Decades of underinvestment and underbuilding have created a shortage of housing in America that is more dire than previously expected and will require a concerted, long-term nationwide commitment to overcome, according to a new report released by the National Association of Realtors (NAR) and authored by the Rosen Consulting Group. Housing is Critical Infrastructure: Social and Economic Benefits of Building More Housing outlines causes and offers numerous potential solutions for both federal and local-level policymakers to consider, but warns that immediate action must be taken across all levels of government, no matter the approach.
“The state of America’s housing stock…is dire, with a chronic shortage of affordable and available homes [needed to support] the nation’s population,” the report asserts. “A severe lack of new construction and prolonged underinvestment [have led] to an acute shortage of available housing…to the detriment of the health of the public and the economy. The scale of underbuilding and the existing demand-supply gap is enormous…and will require a major national commitment to build more housing of all types.”
Growth in America’s housing inventory has slowed significantly since the turn of the century, particularly over the past decade. This trend affects every region of the country, creating what the NAR report calls an “underbuilding gap” of 5.5 to 6.8 million housing units since 2001.
“There is a strong desire for homeownership across this country, but the lack of supply is preventing too many Americans from achieving that dream,” said Lawrence Yun, NAR’s chief economist. “It’s clear from the findings of this report and from the conditions we’ve observed in the market over the past few years that we’ll need to do something dramatic to close this gap.”
Among other, more specific policy recommendations, the report’s authors argue that lawmakers must work to expand access to resources, remove barriers to and incentivize new development, and make housing construction an integral part of a national infrastructure strategy.

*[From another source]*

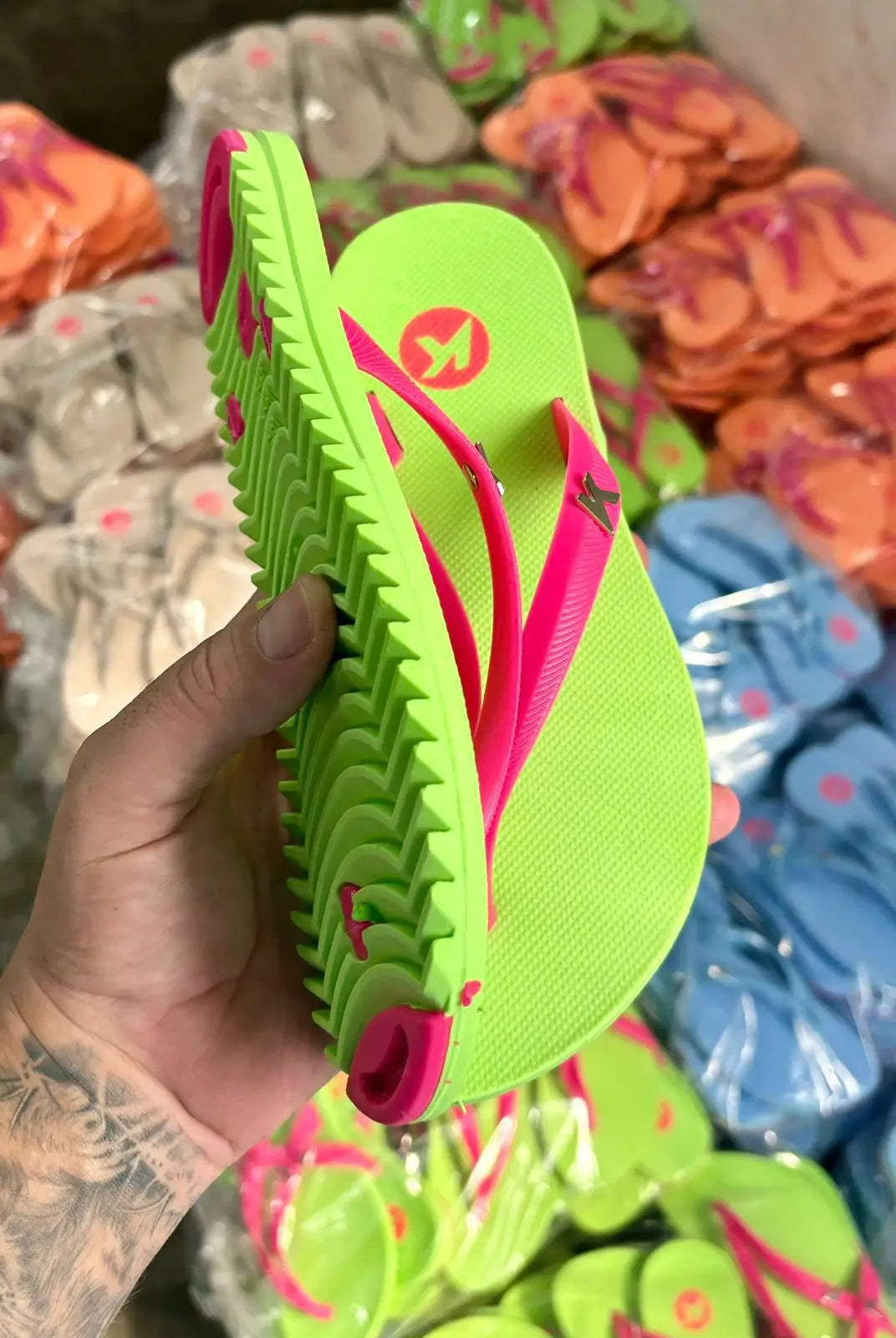 Chinelo Feminino Ibiza de Praia Estilo Kenner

“A number of factors from the past 20 years are responsible for the massive housing investment gap we see in America today, but what’s important now is that we find solutions that will get us out of this crisis and provide more stability in future markets,” said NAR President Charlie Oppler, who noted adequate increases in housing construction this decade would add an estimated 2.8 million American jobs and $50 billion in new, nationwide tax revenue. “Additional public funding and policy incentives for construction will very clearly provide huge benefits to our nation’s economy, and our work to close this gap will be particularly impactful for lower-income households, households of color and millennials.”